:: Record excerpts
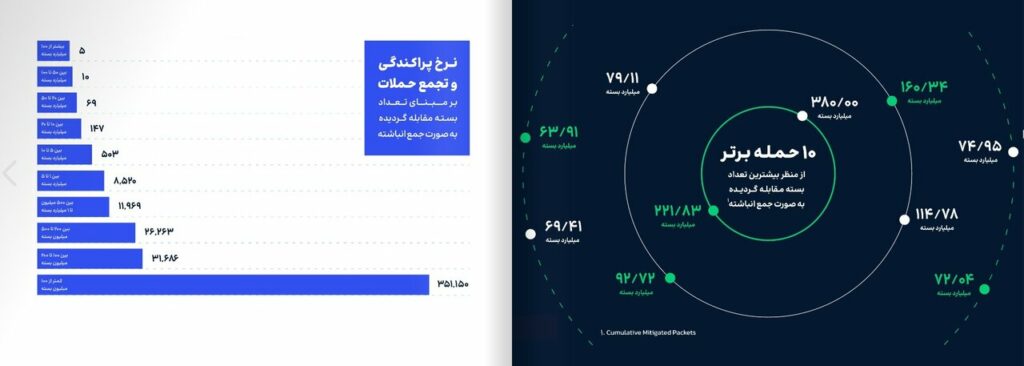 ایران مورد تهاجم ۴۳۰ هزار دعوا DDoS در ۲۱ ماه تازه بوده است_اسکوار 19 ۱۰ حمله DDoS برتر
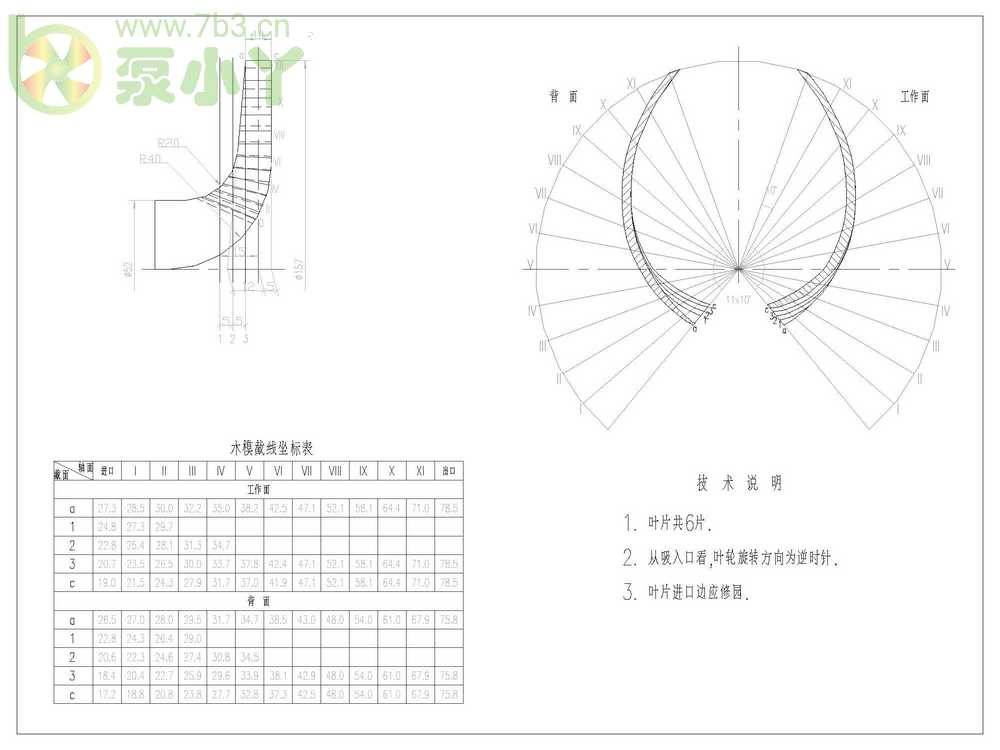 叶片泵水力设计基础2
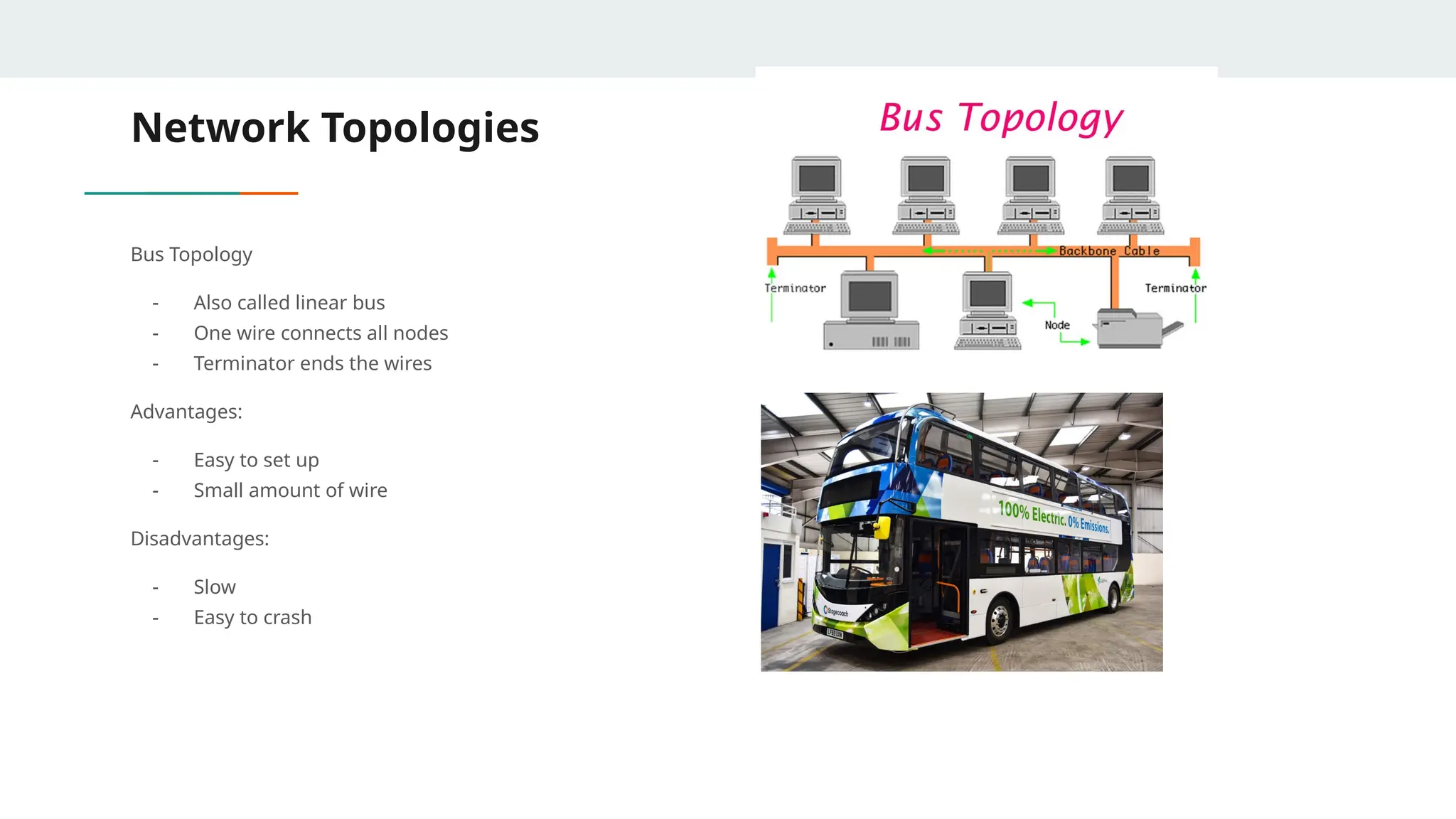 Network Topologies
Bus Topology
- Also called linear bus
- One wire connects all nodes
- Terminator ends the wires
Advantages:
- Easy to set up
- Small amount of wire
Disadvantages:
- Slow
- Easy to crash
 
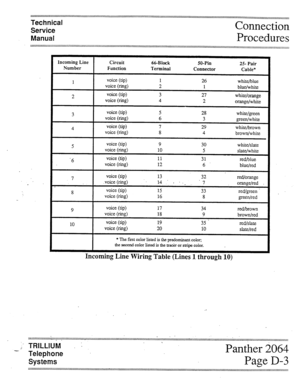 Page 21Technical 
Service 
Manual Connection 
Procedures 
Incoming Line 
I Circuit 66-Block 
SO-Pin 25 Pair 
Number 
Function Terminal 
Connector Cable* 
1 
2 voice (tip) 1 26 white/blue 
voice (ring) 2 1 blue/white 
voice (tip) 3 27 white/orange 
voice (ring) 4 2 
orange/white 
3 
4 voice (tip) 5 28 white/green 
voice (ring) 6 3 
green/white 
voice (tip) 7 29 white/brown 
voice (ring) 8 4 
brown/white 
5 
‘6 voice (tip) 9 
voice (ring) 10 
voice (tip) 11 
voice (ring) 12 30 white/slate 
5 slate/white 
31...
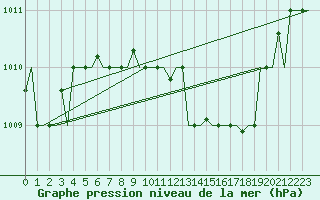 Courbe de la pression atmosphrique pour Pula Aerodrome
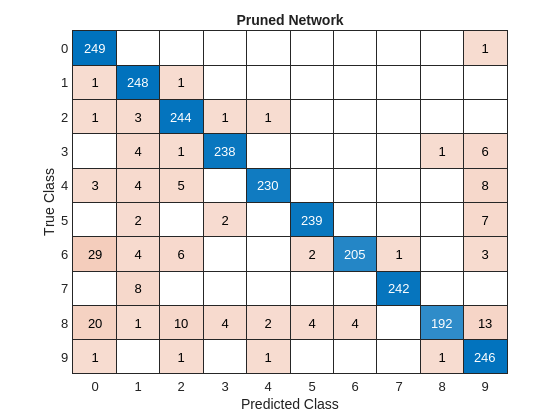 Parameter Pruning and Quantization of Image Classification Network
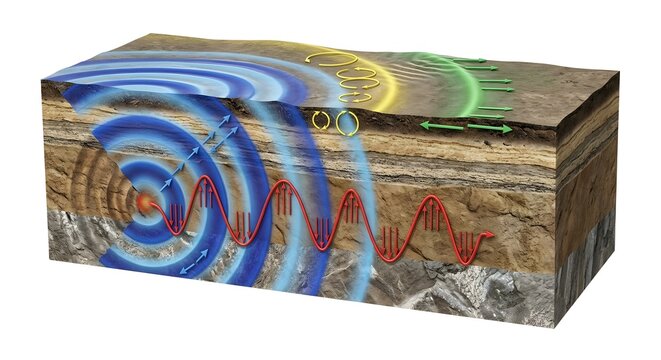 ​3D Geological Cross-Section Showing Seismic Wave Propagation and Earthquake Epicenter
::::
Task statement: In the records above, find the line containing "2 voice (tip) 1 26 white/blue". Reproduce it and every line after it through the last line, omitting pictures.

Exercise solution:
2 voice (tip) 1 26 white/blue 
voice (ring) 2 1 blue/white 
voice (tip) 3 27 white/orange 
voice (ring) 4 2 
orange/white 
3 
4 voice (tip) 5 28 white/green 
voice (ring) 6 3 
green/white 
voice (tip) 7 29 white/brown 
voice (ring) 8 4 
brown/white 
5 
‘6 voice (tip) 9 
voice (ring) 10 
voice (tip) 11 
voice (ring) 12 30 white/slate 
5 slate/white 
31...
 Courbe de la pression atmosphrique pour Pula Aerodrome
 Parameter Pruning and Quantization of Image Classification Network
 ​3D Geological Cross-Section Showing Seismic Wave Propagation and Earthquake Epicenter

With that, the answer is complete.